*WHAT YOU ARE ASKED TO DO:* Below is a listing. Write out exactly its lines between the one holding "Dallas Cowboys Baseball Jacket VX84" and the one holding "Kawasaki WHEEL-ASSY,FR,F.RED 410731467X4", inclusive.
****
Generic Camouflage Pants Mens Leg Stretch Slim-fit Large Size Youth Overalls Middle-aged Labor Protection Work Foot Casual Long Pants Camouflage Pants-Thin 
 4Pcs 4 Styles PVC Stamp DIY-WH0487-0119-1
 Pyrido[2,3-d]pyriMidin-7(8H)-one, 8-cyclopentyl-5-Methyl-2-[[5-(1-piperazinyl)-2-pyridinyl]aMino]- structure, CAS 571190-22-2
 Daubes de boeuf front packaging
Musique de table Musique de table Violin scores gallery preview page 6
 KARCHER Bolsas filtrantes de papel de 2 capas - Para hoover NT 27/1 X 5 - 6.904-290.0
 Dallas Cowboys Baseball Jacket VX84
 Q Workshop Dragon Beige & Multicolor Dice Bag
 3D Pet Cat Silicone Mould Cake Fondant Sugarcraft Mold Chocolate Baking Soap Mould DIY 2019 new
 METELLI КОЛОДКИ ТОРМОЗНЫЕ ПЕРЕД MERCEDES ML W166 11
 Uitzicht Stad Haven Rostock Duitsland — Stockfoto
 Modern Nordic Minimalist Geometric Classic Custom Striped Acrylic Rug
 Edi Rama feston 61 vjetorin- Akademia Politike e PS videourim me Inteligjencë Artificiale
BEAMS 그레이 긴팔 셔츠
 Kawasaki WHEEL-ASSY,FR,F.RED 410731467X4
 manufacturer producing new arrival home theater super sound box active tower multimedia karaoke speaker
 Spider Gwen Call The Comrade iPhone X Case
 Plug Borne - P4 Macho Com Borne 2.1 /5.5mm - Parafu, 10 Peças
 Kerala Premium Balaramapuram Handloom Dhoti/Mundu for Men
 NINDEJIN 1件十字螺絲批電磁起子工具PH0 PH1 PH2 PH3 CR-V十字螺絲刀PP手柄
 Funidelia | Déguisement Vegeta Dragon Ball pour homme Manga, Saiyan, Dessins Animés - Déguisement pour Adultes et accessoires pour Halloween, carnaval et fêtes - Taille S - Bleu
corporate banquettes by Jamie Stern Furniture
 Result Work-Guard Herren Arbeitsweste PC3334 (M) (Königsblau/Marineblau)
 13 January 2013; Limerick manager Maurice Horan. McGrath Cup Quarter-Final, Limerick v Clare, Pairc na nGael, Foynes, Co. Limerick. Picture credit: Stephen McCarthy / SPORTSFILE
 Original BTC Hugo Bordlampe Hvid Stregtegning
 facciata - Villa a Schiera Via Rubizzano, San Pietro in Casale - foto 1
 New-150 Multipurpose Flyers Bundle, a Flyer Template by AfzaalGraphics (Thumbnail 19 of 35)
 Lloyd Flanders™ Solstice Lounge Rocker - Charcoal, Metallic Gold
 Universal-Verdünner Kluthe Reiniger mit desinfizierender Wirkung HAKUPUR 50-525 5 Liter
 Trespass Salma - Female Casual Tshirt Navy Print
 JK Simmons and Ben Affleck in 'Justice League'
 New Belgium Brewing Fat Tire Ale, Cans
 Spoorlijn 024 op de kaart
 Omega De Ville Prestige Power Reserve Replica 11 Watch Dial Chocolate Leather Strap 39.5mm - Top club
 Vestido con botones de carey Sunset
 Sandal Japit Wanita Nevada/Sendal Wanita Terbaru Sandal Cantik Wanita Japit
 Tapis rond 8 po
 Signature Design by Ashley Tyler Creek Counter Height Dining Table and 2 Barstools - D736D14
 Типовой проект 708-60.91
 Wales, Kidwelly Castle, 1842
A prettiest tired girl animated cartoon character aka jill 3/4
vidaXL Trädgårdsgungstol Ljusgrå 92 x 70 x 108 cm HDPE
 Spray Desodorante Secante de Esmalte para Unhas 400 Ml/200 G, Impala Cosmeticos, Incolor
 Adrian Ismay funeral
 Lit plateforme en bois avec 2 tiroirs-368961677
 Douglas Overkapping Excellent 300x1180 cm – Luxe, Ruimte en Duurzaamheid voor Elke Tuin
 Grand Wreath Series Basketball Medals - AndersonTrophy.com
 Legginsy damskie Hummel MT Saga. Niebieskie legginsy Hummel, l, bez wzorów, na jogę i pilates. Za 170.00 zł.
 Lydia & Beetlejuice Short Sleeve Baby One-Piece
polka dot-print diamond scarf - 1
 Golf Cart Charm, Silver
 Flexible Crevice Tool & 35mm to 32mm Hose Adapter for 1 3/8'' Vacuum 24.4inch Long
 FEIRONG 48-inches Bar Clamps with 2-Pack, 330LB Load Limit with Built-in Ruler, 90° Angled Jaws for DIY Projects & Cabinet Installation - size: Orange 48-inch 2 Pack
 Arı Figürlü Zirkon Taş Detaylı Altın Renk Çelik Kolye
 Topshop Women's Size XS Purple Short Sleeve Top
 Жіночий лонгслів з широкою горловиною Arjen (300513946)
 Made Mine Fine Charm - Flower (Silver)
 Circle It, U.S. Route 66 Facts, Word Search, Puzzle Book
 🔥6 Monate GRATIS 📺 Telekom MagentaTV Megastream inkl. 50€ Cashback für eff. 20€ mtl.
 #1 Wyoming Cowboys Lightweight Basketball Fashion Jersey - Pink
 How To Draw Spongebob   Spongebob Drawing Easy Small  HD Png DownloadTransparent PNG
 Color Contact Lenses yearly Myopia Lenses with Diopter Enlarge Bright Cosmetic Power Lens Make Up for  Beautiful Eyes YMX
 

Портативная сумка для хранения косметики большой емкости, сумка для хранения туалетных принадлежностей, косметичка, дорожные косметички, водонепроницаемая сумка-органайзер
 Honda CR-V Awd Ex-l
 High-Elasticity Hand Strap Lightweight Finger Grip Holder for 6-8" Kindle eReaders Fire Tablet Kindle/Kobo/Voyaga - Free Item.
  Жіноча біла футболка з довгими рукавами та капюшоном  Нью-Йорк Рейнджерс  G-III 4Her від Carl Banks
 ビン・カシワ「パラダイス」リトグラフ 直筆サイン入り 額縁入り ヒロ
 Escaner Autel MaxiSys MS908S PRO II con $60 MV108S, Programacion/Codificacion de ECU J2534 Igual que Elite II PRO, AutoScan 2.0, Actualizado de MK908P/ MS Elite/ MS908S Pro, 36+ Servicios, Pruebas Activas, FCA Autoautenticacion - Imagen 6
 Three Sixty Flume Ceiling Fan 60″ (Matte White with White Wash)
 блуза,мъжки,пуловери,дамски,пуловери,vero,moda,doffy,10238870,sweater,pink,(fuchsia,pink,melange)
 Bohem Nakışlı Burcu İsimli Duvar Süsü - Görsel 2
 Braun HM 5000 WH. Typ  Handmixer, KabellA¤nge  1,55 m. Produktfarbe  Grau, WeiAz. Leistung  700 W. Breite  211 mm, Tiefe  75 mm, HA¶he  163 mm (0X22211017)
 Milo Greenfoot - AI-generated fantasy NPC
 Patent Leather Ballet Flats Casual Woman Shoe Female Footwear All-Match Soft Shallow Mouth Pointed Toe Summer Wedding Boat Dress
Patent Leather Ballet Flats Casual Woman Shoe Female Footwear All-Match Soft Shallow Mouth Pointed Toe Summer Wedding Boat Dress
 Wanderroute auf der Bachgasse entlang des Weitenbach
****
*TASK OUTPUT:*
 Dallas Cowboys Baseball Jacket VX84
 Q Workshop Dragon Beige & Multicolor Dice Bag
 3D Pet Cat Silicone Mould Cake Fondant Sugarcraft Mold Chocolate Baking Soap Mould DIY 2019 new
 METELLI КОЛОДКИ ТОРМОЗНЫЕ ПЕРЕД MERCEDES ML W166 11
 Uitzicht Stad Haven Rostock Duitsland — Stockfoto
 Modern Nordic Minimalist Geometric Classic Custom Striped Acrylic Rug
 Edi Rama feston 61 vjetorin- Akademia Politike e PS videourim me Inteligjencë Artificiale
BEAMS 그레이 긴팔 셔츠
 Kawasaki WHEEL-ASSY,FR,F.RED 410731467X4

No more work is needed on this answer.